A passagem do tempo está no centro de longas anteriores do cineasta italiano, como A Grande Beleza (2013), vencedor do Oscar de filme internacional, e A Juventude (2015). Desta vez, porém, a personagem central é uma mulher. “Sempre quis que a protagonista deste longa fosse mulher”, disse Sorrentino. “Primeiro, porque queria investigar a busca da liberdade feminina, que é muito mais interessante do que a dos homens.”
“Queria também que fosse um épico e por isso precisava de um herói, ou, no caso, uma heroína”, prosseguiu. “Porque um épico de homens acaba sempre na guerra, e as mulheres têm uma batalha interior muito mais interessante. Também acredito que as mulheres lidam com as transformações do tempo melhor do que os homens, que sempre estão tentando evitá-las.”

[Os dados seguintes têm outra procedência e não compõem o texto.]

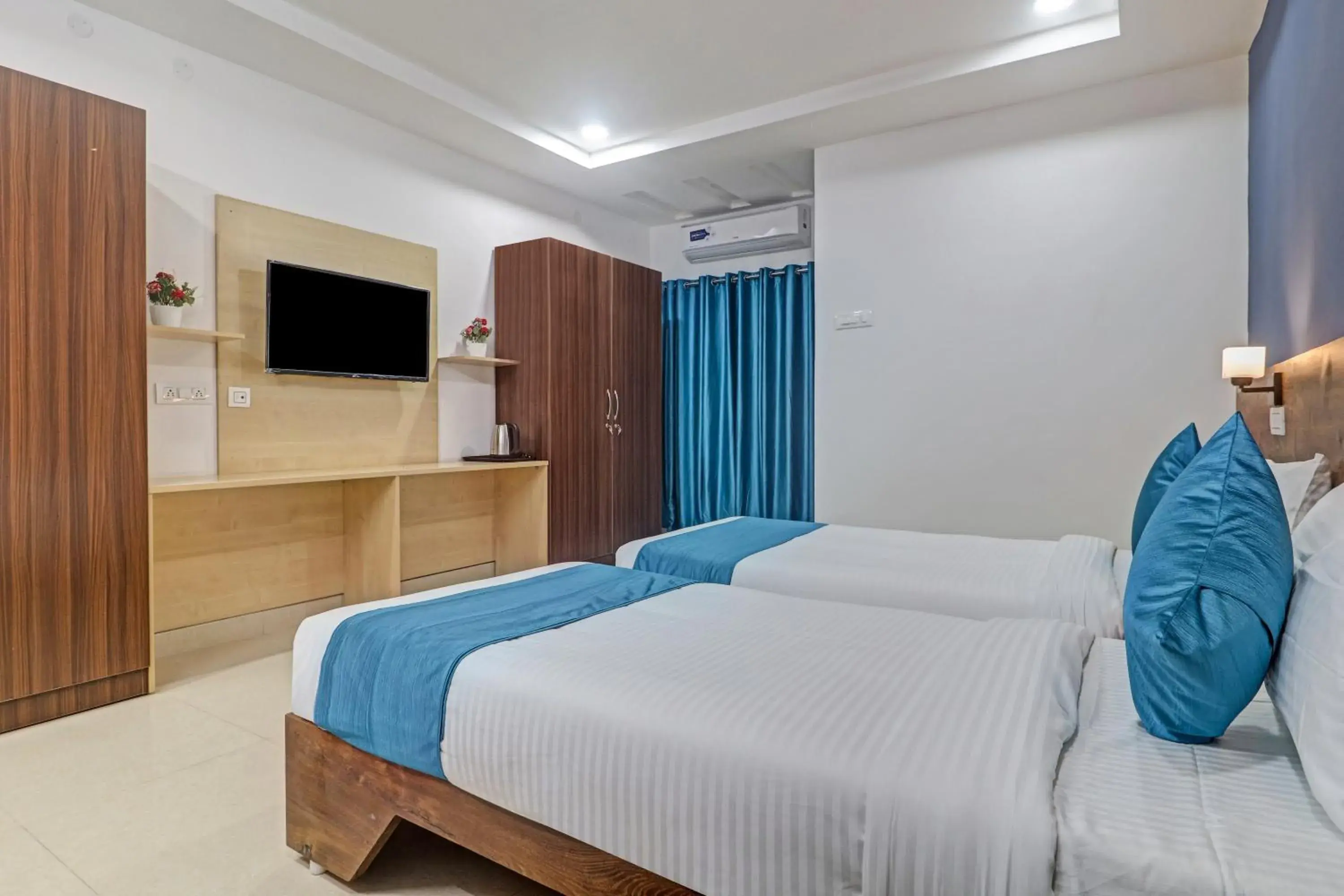 wardrobe, Bed in The Balcony Hotel wardrobe, Bed in The Balcony Hotel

Sorrentino admitiu que para ele, assim como para a maioria dos homens, as mulheres são um enigma. “Por isso eles têm medo e não conhecem de fato as mulheres”, afirmou. Não à toa, a personagem tem nome de uma sereia da mitologia grega. “Sempre faço filmes sobre o que não conheço. Fiz filmes sobre política porque não entendo de política. Eu sigo a história que quero compreender. Mas isso não quer dizer que, ao finalizar um projeto, eu tenha a presunção de ter compreendido tudo. Eu apenas sigo a história a partir da primeira ideia.”
Parthenope (Celeste Dalla Porta, em seu primeiro longa-metragem) nasce no mar defronte ao palacete que é sua casa, em 1950. É uma casa rica de posses, mas pobre em amor: a mãe é fria, o pai, depressivo.
O filme é uma coletânea dos momentos inesquecíveis, das tardes passadas na praia, da beleza que desconcerta os homens, dos amores por vezes trágicos, dos encontros fortuitos, das transformações de todo ser humano ao longo da vida. “Ela se interessa pelos seres humanos, mas nunca os julga nem tem medo de ser julgada”, disse Dalla Porta.
Uma das pessoas que atravessam seu caminho, mesmo que muito brevemente, é o escritor norte-americano John Cheever (1912-1982), interpretado por Gary Oldman. “Eu procurei a poesia dentro do filme”, disse o ator. “Porque eu estou interpretando John, mas também não estou”, completou. John Cheever, aqui, não é exatamente um personagem real, mas quase uma aparição – no cinema de Sorrentino, é frequente a realidade ser tomada por algo de fantástico, de delírio, de sonho, de memória. Aqui não é diferente.
Oldman aceitou fazer o papel, mesmo pequeno, porque estava morrendo de vontade de trabalhar com o cineasta, a ponto de citá-lo em uma entrevista. Foi assim que os dois se encontraram. Sorrentino queria o ator inglês para interpretar um bêbado atormentado, triste, melancólico. “Sendo um alcoólatra em recuperação, reconheço todos os sinais. Instintivamente reconheço as angústias que levam alguém a ter dias de muita bebida”, afirmou Oldman, que, brincalhão como sempre, disse estar em sua fase de abusadores do álcool. Além de Cheever, ele fez recentemente Herman Mankiewicz em Mank (2020), de David Fincher, e Jackson Lamb em Slow Horses, série que está indo para sua quinta temporada.

A cidade como protagonista
A segunda personagem principal do longa é Nápoles em si, uma cidade que Sorrentino descreveu como “extrema, invasiva, mas muito sensual”. “Ela provoca muito amor, mas também uma vontade de fugir às vezes”, disse o diretor.
Na primeira parte, a identidade da mulher confunde-se com a da cidade, que nasceu, justamente, como uma colônia grega com esse nome, Parthenope. “Ambas são sedutoras. Elas estão no foco, mas também querem estar escondidas, daí seu mistério”, contou Sorrentino. “Conforme Parthenope, a personagem, cresce, o fascínio diminui, e ela fica mais crítica em relação a Nápoles.”
Até porque, assim que tentam controlá-la, Parthenope foge. Sua busca pela liberdade é inegociável. E Nápoles não pode mais contê-la, por isso ela parte em busca de ser quem realmente é. Mais velha, sim, ela será capaz de enxergar seu passado e poderá novamente se encantar com o canto de sereia de Nápoles-Parthenope. Um pouco como o próprio Sorrentino que, depois de tantos anos afastado, agora conseguiu se reaproximar de sua cidade, ao menos em seu cinema.